The word “civilization” comes from the Latin word “civis”, meaning townsman or citizen. The word “civis” was contrast with the Latin word “barbaria”, meaning barbarian, which further stemed from the ancient Greek word “βάρβαρος”, meaning a non-Greek. A non-Greek’s speech sounded “bar bar” to Greeks and “βάρβαρος” was an imitative word for the unintelligible babble. Can we say whether the communication media mediated people or not is the criterion for civilization?

The communication media, namely, language, money and punishment, had functioned to some degree, before the Civilizations emerged, but these media became important, when people gather together, resulting in high population density and high social entropy.

We can attribute the civilization/culture difference to that of urban/rural. The word “culture” comes from the Latin word “colere”, meaning “cultivate”. Neolithic Revolution was culture revolution, while Urban Revolution was civilization revolution. Both revolutions are characterized by centralization and intellectual sophistication, but Urban Revolution requires more centralization and intellectual sophistication because of the high population density.

Suppose people rush to the riversides to seek for irrigation water, as must have happened at the Subboreal Cold Period. They will quarrel with one another, struggling for water or harvest. This chaotic uncertainty increases social entropy and those who can control three media, language, money and punishment, that is to say, who have cultural, economical and political capital must intervene to reduce this social entropy.

The Civilizations I mentioned above disappeared or declined after 1800 BC. You can see the peak named Subboreal Warm Period in the graph above. After 1800 BC, the reverse of Subboreal cooling happened, that is to say, the regions from 35° north latitude southwards got warm and wet, while the regions from 35° north latitude northwards got warm and dry.

In the regions from 35° north latitude southwards got, precipitation increased and river flow decreased. Farmers do not have to depend on cities any longer. They left cities and scattered to the countries.
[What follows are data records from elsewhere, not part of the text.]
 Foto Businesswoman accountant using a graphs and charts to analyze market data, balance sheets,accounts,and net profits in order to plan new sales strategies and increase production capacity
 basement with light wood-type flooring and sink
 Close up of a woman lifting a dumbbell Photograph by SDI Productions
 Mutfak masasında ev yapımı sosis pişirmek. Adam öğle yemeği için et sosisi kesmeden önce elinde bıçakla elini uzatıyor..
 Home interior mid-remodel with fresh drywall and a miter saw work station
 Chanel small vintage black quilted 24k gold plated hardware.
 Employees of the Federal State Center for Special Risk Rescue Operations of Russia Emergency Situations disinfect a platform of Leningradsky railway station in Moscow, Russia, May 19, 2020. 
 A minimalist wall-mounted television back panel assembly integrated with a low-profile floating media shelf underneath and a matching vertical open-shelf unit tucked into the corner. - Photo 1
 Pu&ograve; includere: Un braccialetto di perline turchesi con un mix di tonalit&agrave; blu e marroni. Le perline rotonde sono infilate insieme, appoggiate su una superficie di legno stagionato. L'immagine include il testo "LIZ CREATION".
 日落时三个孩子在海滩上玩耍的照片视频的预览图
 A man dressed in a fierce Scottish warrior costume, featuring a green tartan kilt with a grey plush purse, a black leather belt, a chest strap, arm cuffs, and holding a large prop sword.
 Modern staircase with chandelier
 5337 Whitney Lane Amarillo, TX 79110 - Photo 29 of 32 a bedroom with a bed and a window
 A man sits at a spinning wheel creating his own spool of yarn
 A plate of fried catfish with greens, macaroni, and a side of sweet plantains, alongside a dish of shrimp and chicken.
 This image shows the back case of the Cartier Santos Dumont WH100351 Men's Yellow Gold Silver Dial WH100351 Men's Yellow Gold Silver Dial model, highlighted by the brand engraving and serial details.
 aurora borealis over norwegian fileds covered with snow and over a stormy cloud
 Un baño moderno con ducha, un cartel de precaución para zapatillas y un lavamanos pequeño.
On the other hand, nomads in the regions from 35° north latitude northwards migrated southward to seek for water. Some attribute the Dark Age after 1800 BC to the invasion and destruction by these nomads, the Civilization would have disappeared or declined without the migration of northern nomads. The Dark Age is so named not because it was the miserable age, but because there remained few written records of the age. As I stated before, at the warmer period, power is decentralized and intellectual stagnation takes place.

Notes

  1. Childe, V. Gordon (1950) The Urban Revolution. Town Planning Review 21:3-17
  2. Data from National Snow and Ice Data Center, National Oceanic & Atmospheric Administration, U.S. Department of Commerce (1997) GISP2 Bidecadal Oxygen Isotope Data
  3. Data from Seppa, H. and Birks, H.J.B. (2001) July mean temperature and annual precipitation trends during the Holocene in the Fennoscandian tree-line area: pollen-based climate reconstructions, The Holocene, Volume 11, Number 5, pp. 527-539.
  4. 鈴木秀夫 (1978) 気候と文明, 朝倉書店, p.1-69
  5. H. H. Lamb (1995) Climate, History and the Modern World, Second edition, Routledge, p.125. The people who were engaged in building the Pyramid were not slaves.